Compress-Then-Enhance: Spatiotemporal Graph-Guided Visual Tokenization for Multimodal Video LLMs

Shilv Cai

Published: 31 Aug 2025, Last Modified: 23 Sept 2025OpenReview Archive Direct UploadEveryoneCC BY-NC 4.0

Abstract: Multimodal Large Language Models (MLLMs) for video understanding are bottlenecked by redundant and weakly informative visual tokens, especially in long-form videos where naïve uniform sampling or global pooling erodes fine-grained spatiotemporal cues. We propose a compress-then-enhance pipeline that integrates Visual Token Compression, Spatiotemporal Graph reasoning, and Spatial Pooling to deliver compact yet information-rich representations aligned to a language interface. First, we perform token-efficient ingestion via adaptive Spatial Pooling and motion-aware pruning to discard low-saliency regions while preserving dynamic entities and interactions. We then construct a Spatiotemporal Graph whose nodes represent region-level tokens across frames and whose edges capture appearance affinity, motion continuity, and cross-attention priors. Message passing over this graph yields Visual Token Enhancement: tokens are reweighted and enriched with long-range temporal context and cross-object relations before being projected into the MLLM’s visual vocabulary. Finally, a token budget-aware router selects a minimal set of enhanced tokens per query, enabling scalable conditioning for instruction-tuned video LLMs.
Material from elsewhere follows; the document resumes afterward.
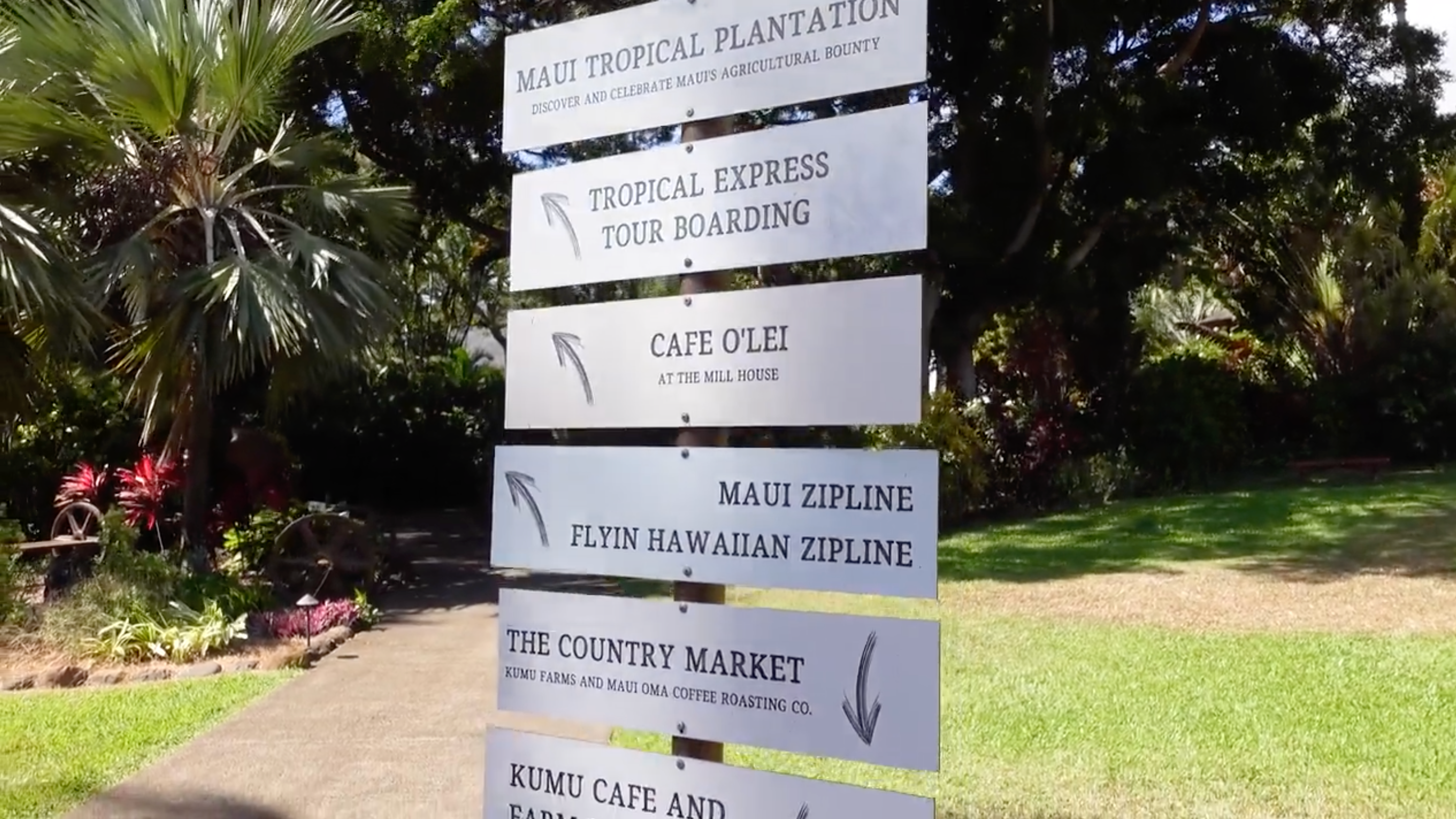 Aktivitäten auf Maui | OluKai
Across video QA, dense captioning, and long-horizon reasoning tasks, our method reduces visual tokens by 30–60% and improves end-to-end throughput, while maintaining or surpassing accuracy relative to strong baselines. Ablations confirm that (i) motion-guided compression preserves action semantics, (ii) graph-based enhancement recovers dependencies lost by compression, and (iii) query-conditioned routing further stabilizes long-context performance. This work demonstrates that principled Visual Token Compression combined with graph-driven Visual Token Enhancement provides an effective interface between high-bandwidth video streams and token-limited MLLMs, enabling efficient, fine-grained video understanding without sacrificing reasoning fidelity.